BEGIN Supplied entries

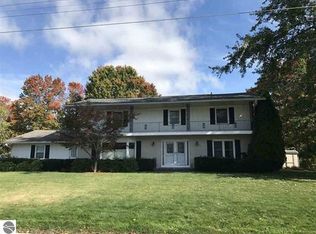 617 Sunset Ln, Cadillac, MI 49601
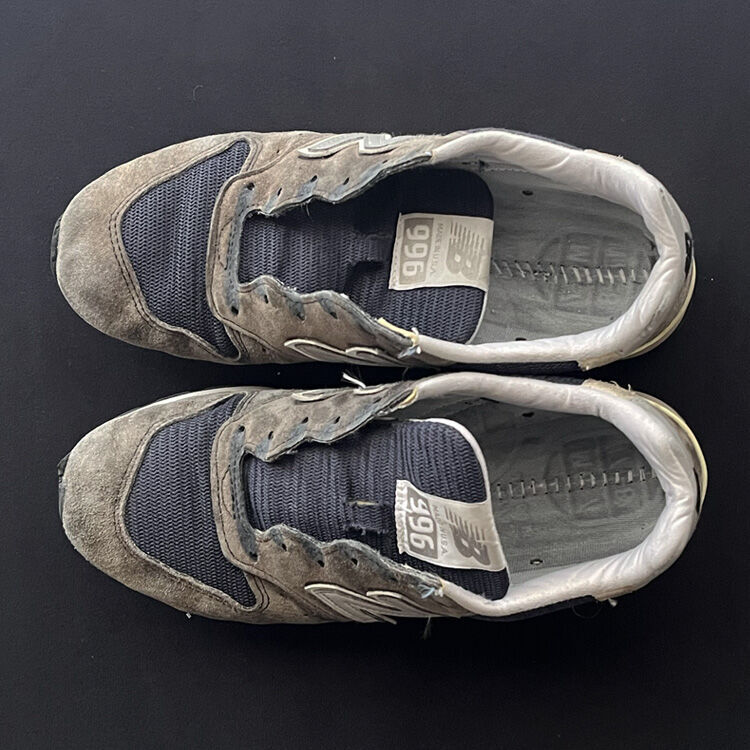 996の靴紐をはずした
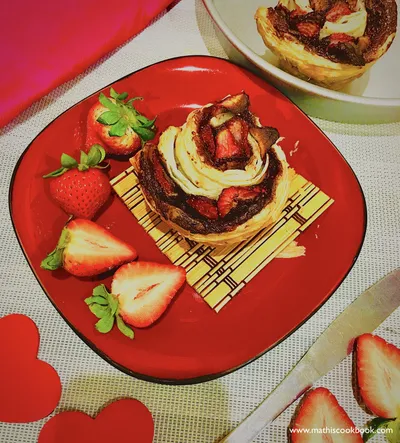Strawberry Chocolate Rosettes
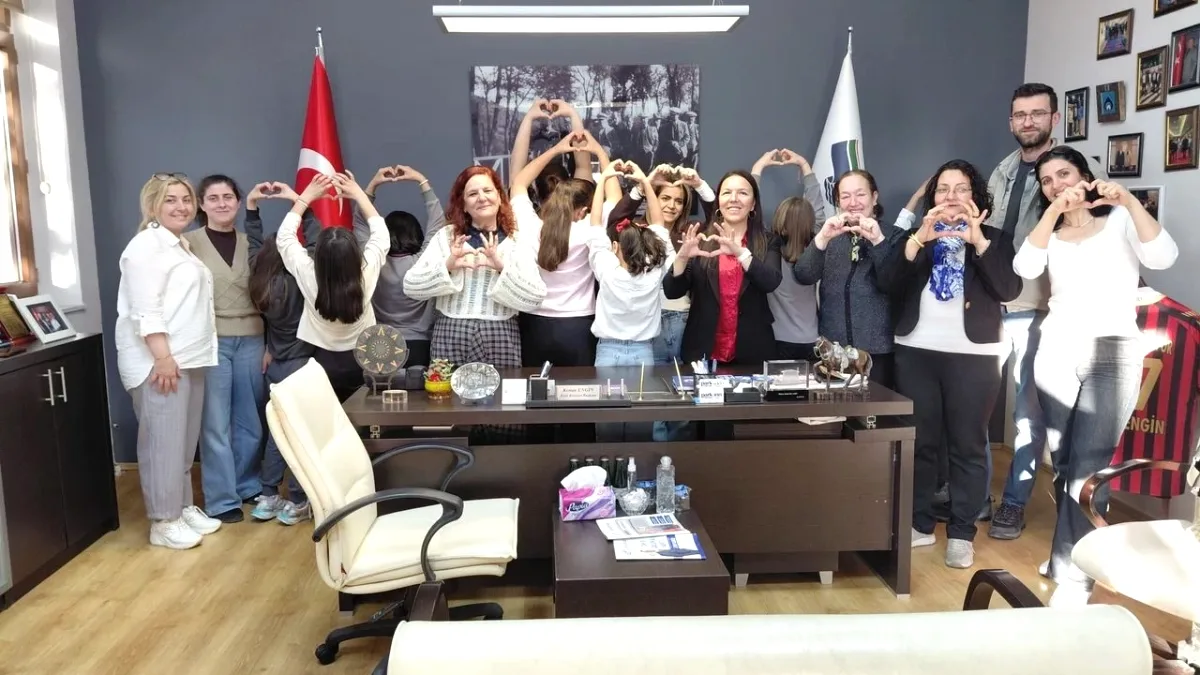 Yalova'da 23 Nisan Coşkusu: Koruma Altındaki Çocuklar Kadın Meclisi İle Buluştu Yalova'da 23 Nisan Coşkusu: Koruma Altındaki Çocuklar Kadın Meclisi İle Buluştu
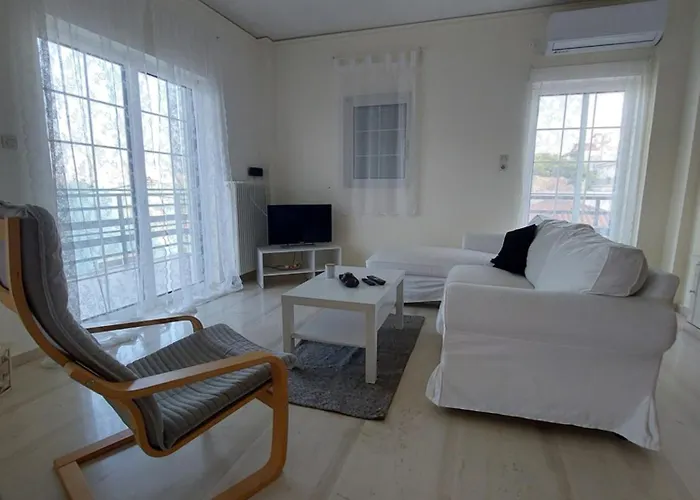 Eleni\'S Seafront Apartment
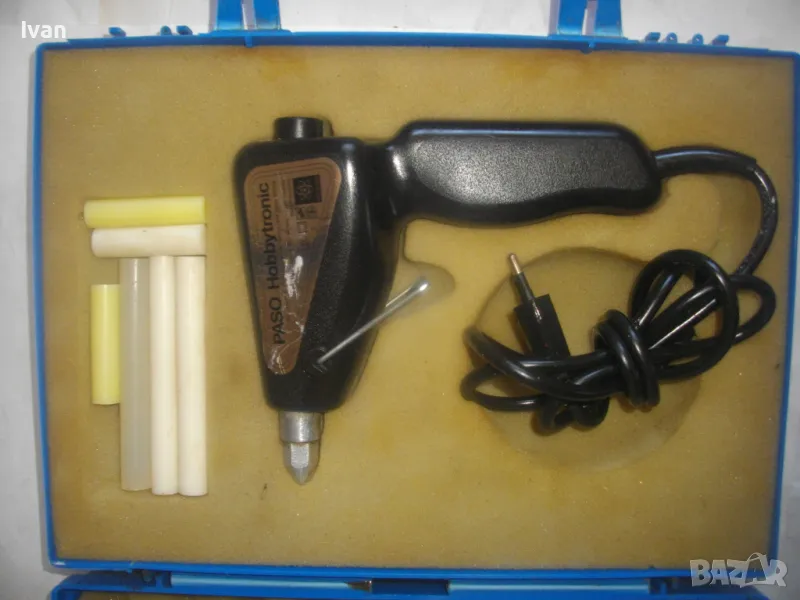 60 вата немски оригинален ЕЛЕКТРИЧЕСКИ ПИСТОЛЕТ ЗА ЛЕПЕНЕ СЪС СИЛИКОН пръчки ф11мм Старо качество , снимка 1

END Supplied entries

Problem statement => Extract only the lines from the line containing "Eleni\'S Seafront Apartment" through the final line of the records; keep both ends and drop every picture.

Written response =>
 Eleni\'S Seafront Apartment
 60 вата немски оригинален ЕЛЕКТРИЧЕСКИ ПИСТОЛЕТ ЗА ЛЕПЕНЕ СЪС СИЛИКОН пръчки ф11мм Старо качество , снимка 1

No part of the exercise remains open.